Your copy of the entries below should hold exactly the lines from the one containing "Rolex Air-King 114234" to the one containing "Azulejos de acento", inclusive, and no pictures.

● **DATA FOR THE TASK**
════════
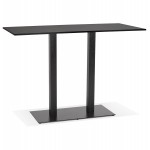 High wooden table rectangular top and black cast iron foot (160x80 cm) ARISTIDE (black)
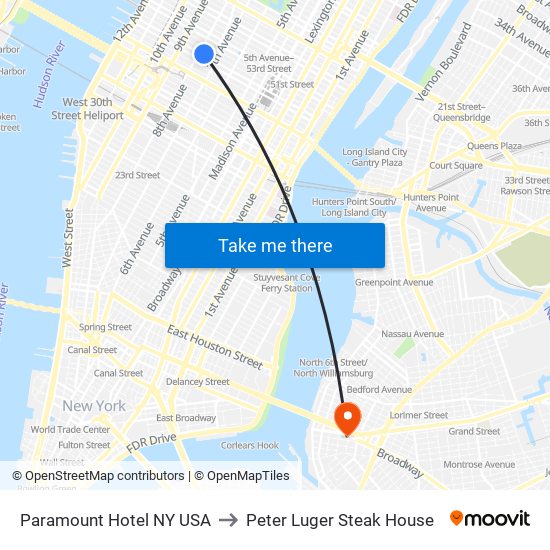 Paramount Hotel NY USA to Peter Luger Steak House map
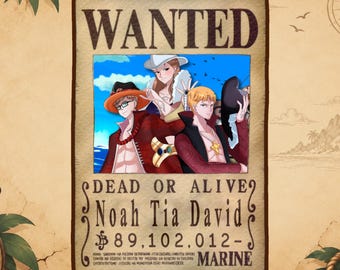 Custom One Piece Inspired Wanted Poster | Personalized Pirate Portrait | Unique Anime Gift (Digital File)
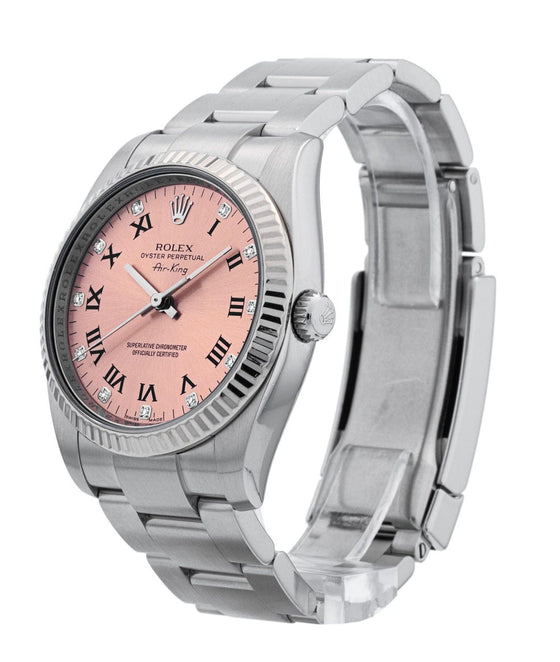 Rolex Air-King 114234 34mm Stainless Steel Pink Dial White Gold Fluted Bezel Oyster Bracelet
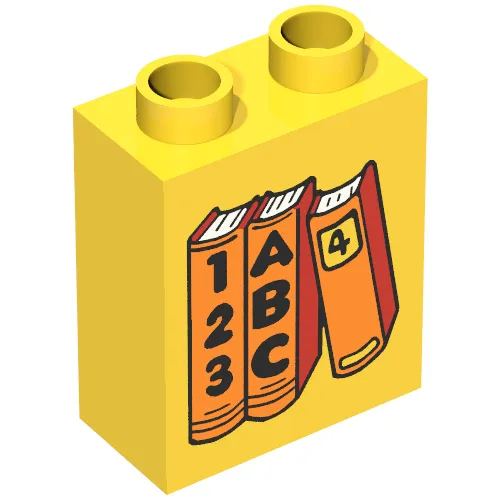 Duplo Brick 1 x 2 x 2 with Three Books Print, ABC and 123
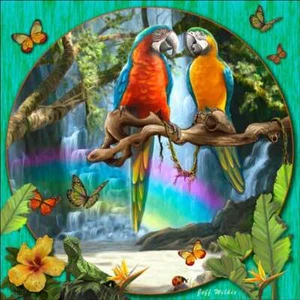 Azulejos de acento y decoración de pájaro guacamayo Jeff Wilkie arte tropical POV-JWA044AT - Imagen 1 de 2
════════
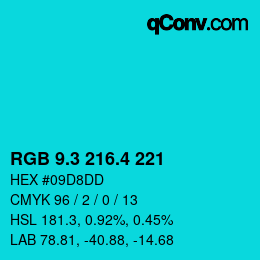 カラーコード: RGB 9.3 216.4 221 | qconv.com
════════
● **SOLUTION FOR THIS TASK**
 Rolex Air-King 114234 34mm Stainless Steel Pink Dial White Gold Fluted Bezel Oyster Bracelet
 Duplo Brick 1 x 2 x 2 with Three Books Print, ABC and 123
 Azulejos de acento y decoración de pájaro guacamayo Jeff Wilkie arte tropical POV-JWA044AT - Imagen 1 de 2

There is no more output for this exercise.